You are not logged in.
Folks, I have a unique and challenging problem that has exhausted my Arch Linux skills, and so I am now turning to you.
I have a vintage Pentium Pro 200 system (that’s 200 MHz folks! – 200 MHz 686 architecture – the original 686!), two CPUs, running a dual boot between Windows NT 4.0 and Arch Linux Duke (2007). It has 512 MB of RAM and a 120 GB hard drive, partitioned up between Windows NT and Linux. I built this system new in 2007, hence the dated version of Arch. It has run like a charm all these years, granted not getting that much use. After about a year of no use at all, I fired the system up last week to help with a little research for a blog post I was writing on networking Windows NT 4.0 and Mac OS 8.6. Windows NT 4.0 fired right up with no issue, and after I was done testing what needed to be tested I tried to boot over to Arch.

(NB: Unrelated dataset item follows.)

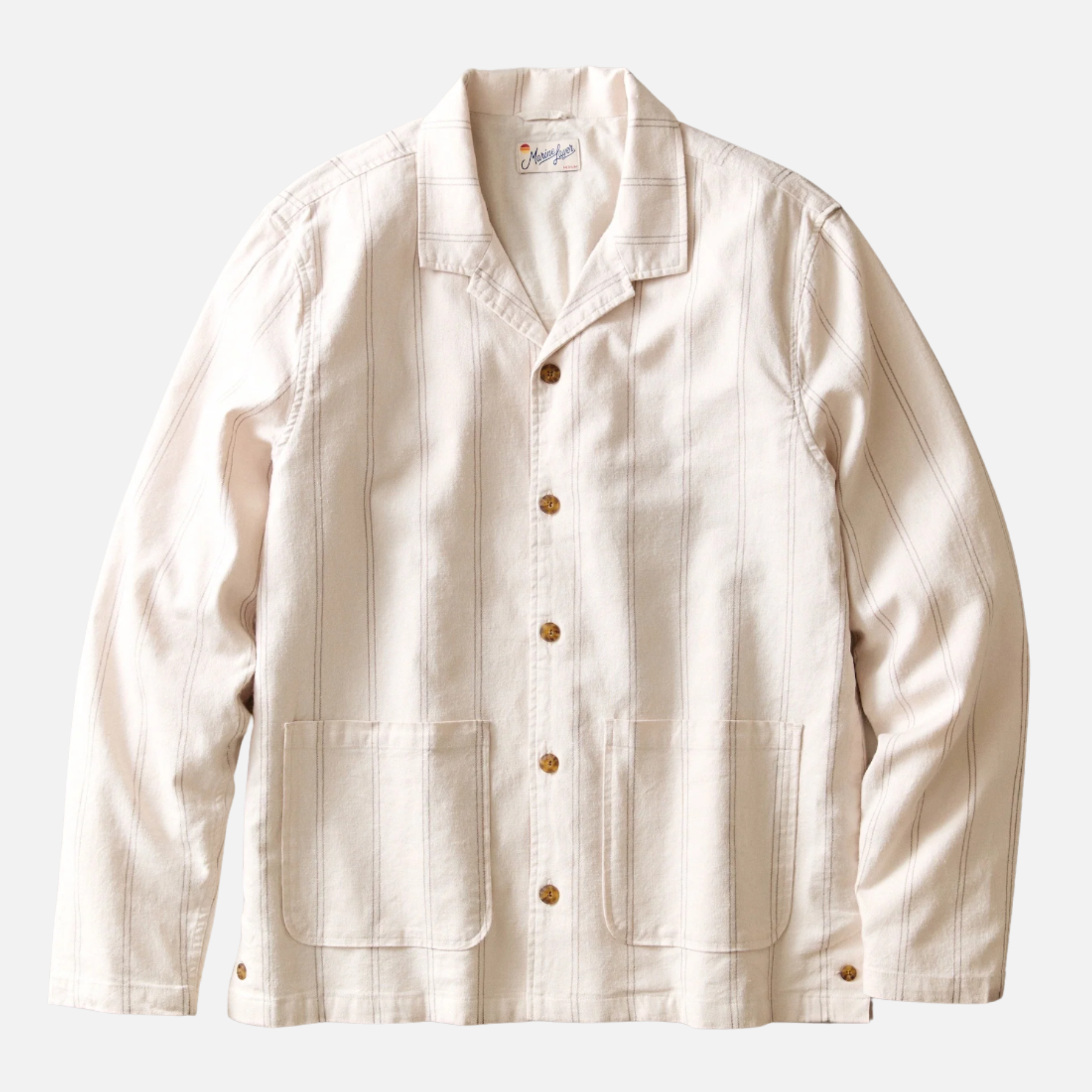 Marine-Layer_Product_Pics_-_Marine_Layer_Sergio_Hemp_Overshirt_NATURAL_BROWN_STRIPE.png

After a year of disuse, Arch unexpectedly and stubbornly refused to boot. The boot process started up just fine, but towards the end, it declared that it could not mount the root file system on the root device and took a kernel panic and stopped. My Arch skills have gotten a bit rusty in the last few years, but I dusted them off and went to work. My guess was a file system or superblock error. Arch wouldn’t boot, but I dragged out my trusty RIPLinux 2.9 Rescue Live CD and fired it up. It came right up and ran, and I was able to mount the Arch partition and view all the files… everything seemed to be there; it just wouldn’t boot. Windows NT 4.0 AND RIPLinux both boot and run on the machine, so the hardware is fine as well.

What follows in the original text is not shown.